------ Supplied data ------

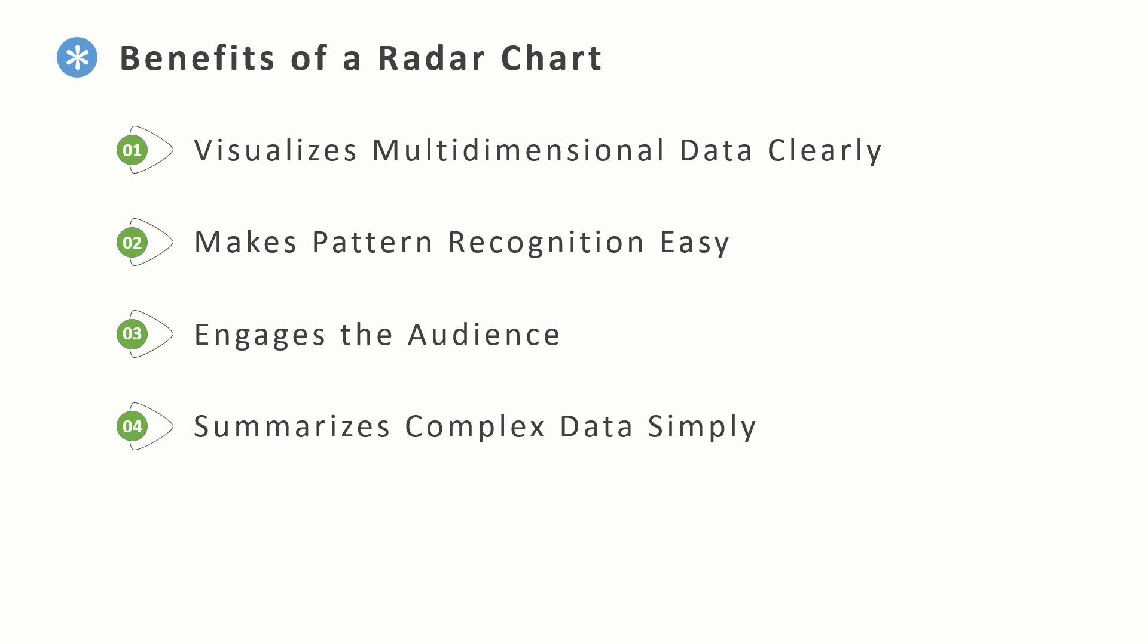If an organization, project, or person is strong in some areas but weaker in others, a radar chart makes those gaps obvious. So it's great for gap analysis, performance reviews, or strategic planning. Third, it engages the audience. So radar charts look visually interesting, so they are really good at grabbing attention.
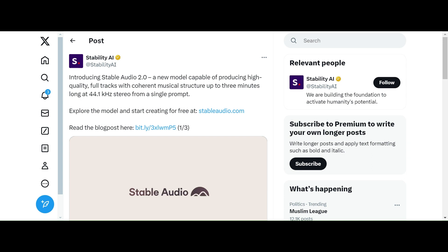Hello, today we are going to discuss a very interesting topic: Stability AI introducing Stable Audio 2.0, a new AI model that will generate music based on the text prompt that we give it.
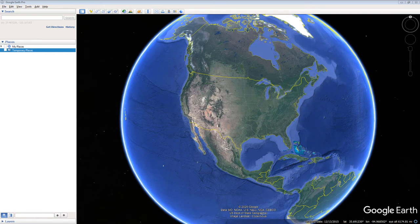This video demonstrates how to use Google Earth Pro to image and measure the industrialized area of the Athabasca oil region in Canada and make comparisons to the landscape in 1984.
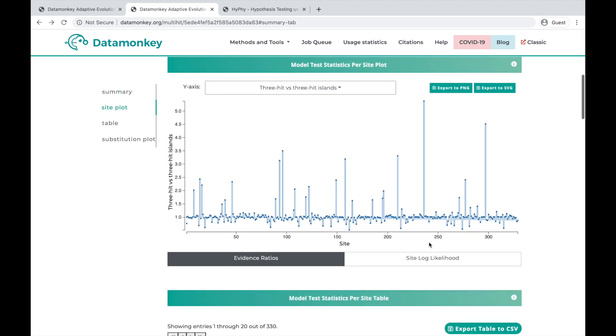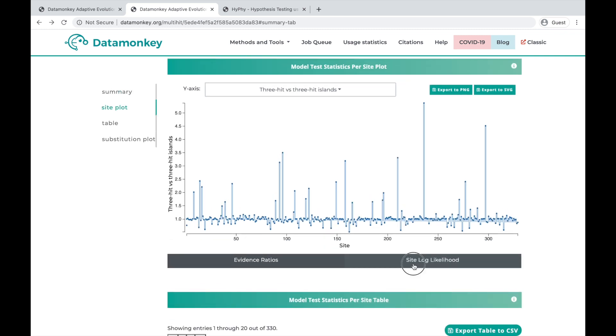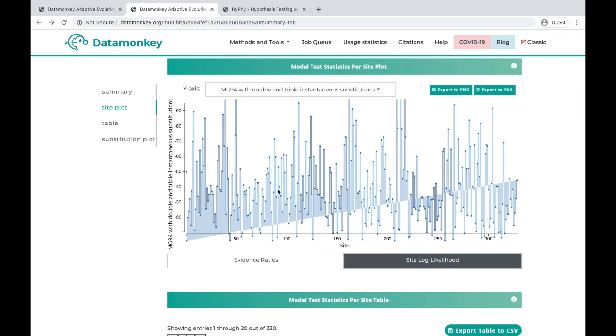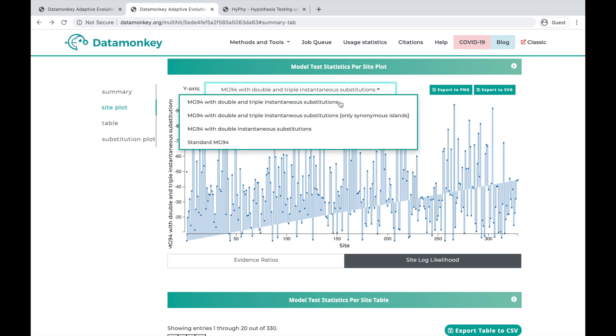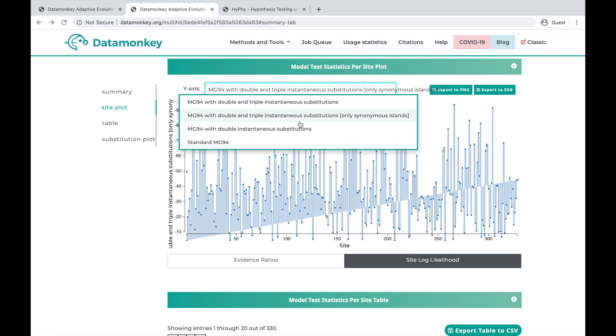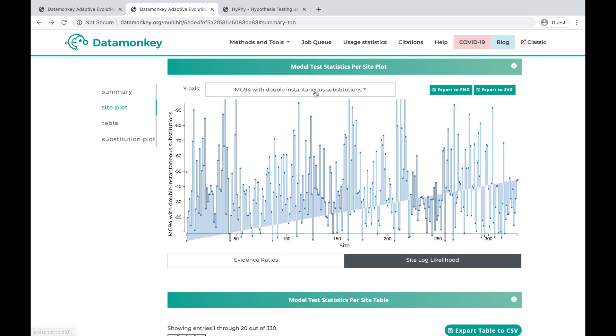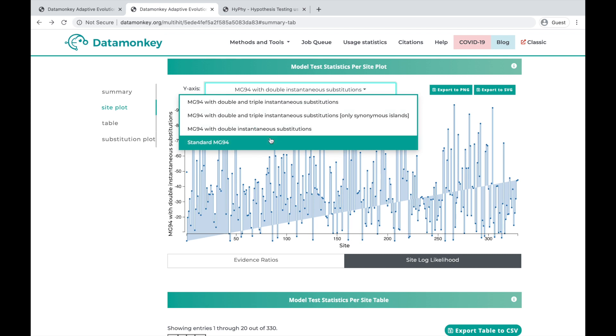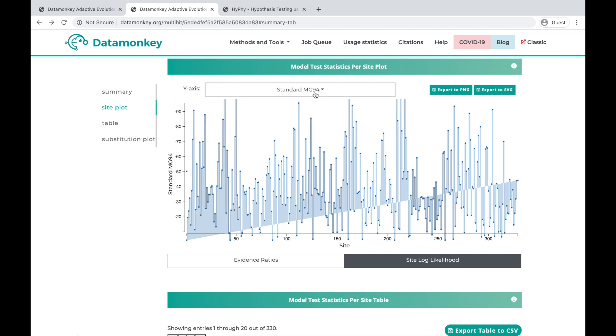We can also plot the site log likelihood on this graph for each of the models that was fit to the data, and we see how this changes slightly based on the model we choose.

------

## Exercise prompt
Copy out the lines exactly as written, beginning with the one that contains "This video demonstrates" and ending with the last line of the material; do not include pictures.

## Answer section
This video demonstrates how to use Google Earth Pro to image and measure the industrialized area of the Athabasca oil region in Canada and make comparisons to the landscape in 1984.
We can also plot the site log likelihood on this graph for each of the models that was fit to the data, and we see how this changes slightly based on the model we choose.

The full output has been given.